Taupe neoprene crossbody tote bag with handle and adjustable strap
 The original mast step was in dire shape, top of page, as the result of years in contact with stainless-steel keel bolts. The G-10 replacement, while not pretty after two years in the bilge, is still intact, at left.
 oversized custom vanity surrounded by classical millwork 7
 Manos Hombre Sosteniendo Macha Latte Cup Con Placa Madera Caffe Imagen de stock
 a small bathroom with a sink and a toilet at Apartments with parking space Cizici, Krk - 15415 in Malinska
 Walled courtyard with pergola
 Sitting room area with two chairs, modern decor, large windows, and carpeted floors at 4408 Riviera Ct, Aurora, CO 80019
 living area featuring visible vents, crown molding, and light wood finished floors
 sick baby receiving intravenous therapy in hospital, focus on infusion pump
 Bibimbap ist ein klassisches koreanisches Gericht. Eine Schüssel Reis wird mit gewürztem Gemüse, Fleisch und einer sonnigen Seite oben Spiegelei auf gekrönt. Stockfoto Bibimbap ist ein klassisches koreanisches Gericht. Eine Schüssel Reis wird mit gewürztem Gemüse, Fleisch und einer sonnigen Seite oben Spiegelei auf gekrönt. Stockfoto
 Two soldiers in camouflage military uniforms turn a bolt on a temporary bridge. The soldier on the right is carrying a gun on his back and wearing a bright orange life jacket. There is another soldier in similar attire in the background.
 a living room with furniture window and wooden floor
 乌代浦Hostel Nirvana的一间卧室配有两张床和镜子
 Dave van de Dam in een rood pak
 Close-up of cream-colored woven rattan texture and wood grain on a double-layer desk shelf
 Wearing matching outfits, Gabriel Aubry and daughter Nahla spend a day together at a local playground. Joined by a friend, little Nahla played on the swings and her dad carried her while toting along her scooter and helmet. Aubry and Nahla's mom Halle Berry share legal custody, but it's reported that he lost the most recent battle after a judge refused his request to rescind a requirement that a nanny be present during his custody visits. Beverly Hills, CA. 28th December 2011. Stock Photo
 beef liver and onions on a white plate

────────────────────────────────────────

**What to produce:** In this exercise, the data above is to be printed exactly.

**Response to the task:**
Taupe neoprene crossbody tote bag with handle and adjustable strap
 The original mast step was in dire shape, top of page, as the result of years in contact with stainless-steel keel bolts. The G-10 replacement, while not pretty after two years in the bilge, is still intact, at left.
 oversized custom vanity surrounded by classical millwork 7
 Manos Hombre Sosteniendo Macha Latte Cup Con Placa Madera Caffe Imagen de stock
 a small bathroom with a sink and a toilet at Apartments with parking space Cizici, Krk - 15415 in Malinska
 Walled courtyard with pergola
 Sitting room area with two chairs, modern decor, large windows, and carpeted floors at 4408 Riviera Ct, Aurora, CO 80019
 living area featuring visible vents, crown molding, and light wood finished floors
 sick baby receiving intravenous therapy in hospital, focus on infusion pump
 Bibimbap ist ein klassisches koreanisches Gericht. Eine Schüssel Reis wird mit gewürztem Gemüse, Fleisch und einer sonnigen Seite oben Spiegelei auf gekrönt. Stockfoto Bibimbap ist ein klassisches koreanisches Gericht. Eine Schüssel Reis wird mit gewürztem Gemüse, Fleisch und einer sonnigen Seite oben Spiegelei auf gekrönt. Stockfoto
 Two soldiers in camouflage military uniforms turn a bolt on a temporary bridge. The soldier on the right is carrying a gun on his back and wearing a bright orange life jacket. There is another soldier in similar attire in the background.
 a living room with furniture window and wooden floor
 乌代浦Hostel Nirvana的一间卧室配有两张床和镜子
 Dave van de Dam in een rood pak
 Close-up of cream-colored woven rattan texture and wood grain on a double-layer desk shelf
 Wearing matching outfits, Gabriel Aubry and daughter Nahla spend a day together at a local playground. Joined by a friend, little Nahla played on the swings and her dad carried her while toting along her scooter and helmet. Aubry and Nahla's mom Halle Berry share legal custody, but it's reported that he lost the most recent battle after a judge refused his request to rescind a requirement that a nanny be present during his custody visits. Beverly Hills, CA. 28th December 2011. Stock Photo
 beef liver and onions on a white plate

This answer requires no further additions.